[Start of section]

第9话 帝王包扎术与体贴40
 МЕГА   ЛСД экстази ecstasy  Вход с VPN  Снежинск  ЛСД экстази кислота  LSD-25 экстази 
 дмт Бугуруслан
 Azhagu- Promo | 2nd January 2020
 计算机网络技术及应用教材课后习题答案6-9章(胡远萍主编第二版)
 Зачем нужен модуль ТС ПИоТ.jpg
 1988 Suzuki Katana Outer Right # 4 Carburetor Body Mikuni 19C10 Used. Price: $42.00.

[End of section]
[Start of section]

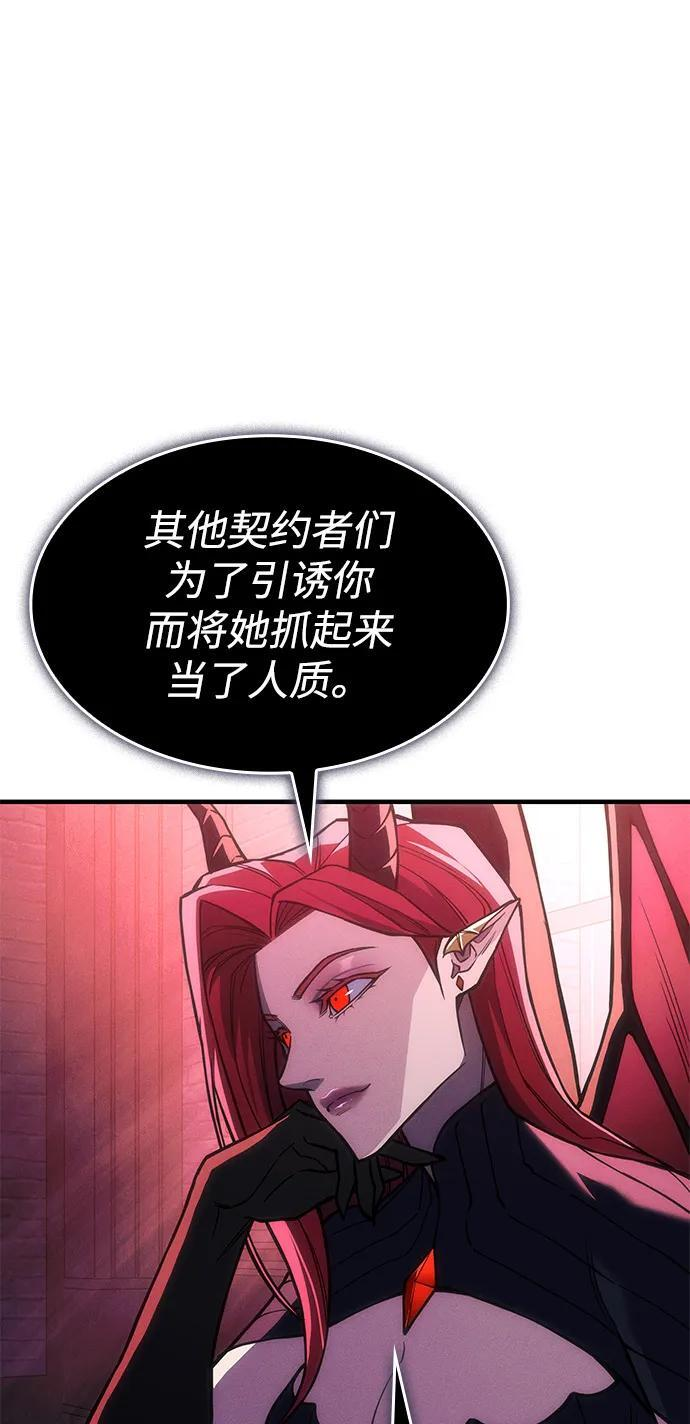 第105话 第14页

[End of section]

▶ _BRIEF_: Starting at the line that has "第9话 帝王包扎术与体贴40" and ending at the line that has "1988 Suzuki Katana", please write out the lines above exactly, leaving out all others.

▶ _YOUR SOLUTION_:
第9话 帝王包扎术与体贴40
 МЕГА   ЛСД экстази ecstasy  Вход с VPN  Снежинск  ЛСД экстази кислота  LSD-25 экстази 
 дмт Бугуруслан
 Azhagu- Promo | 2nd January 2020
 计算机网络技术及应用教材课后习题答案6-9章(胡远萍主编第二版)
 Зачем нужен модуль ТС ПИоТ.jpg
 1988 Suzuki Katana Outer Right # 4 Carburetor Body Mikuni 19C10 Used. Price: $42.00.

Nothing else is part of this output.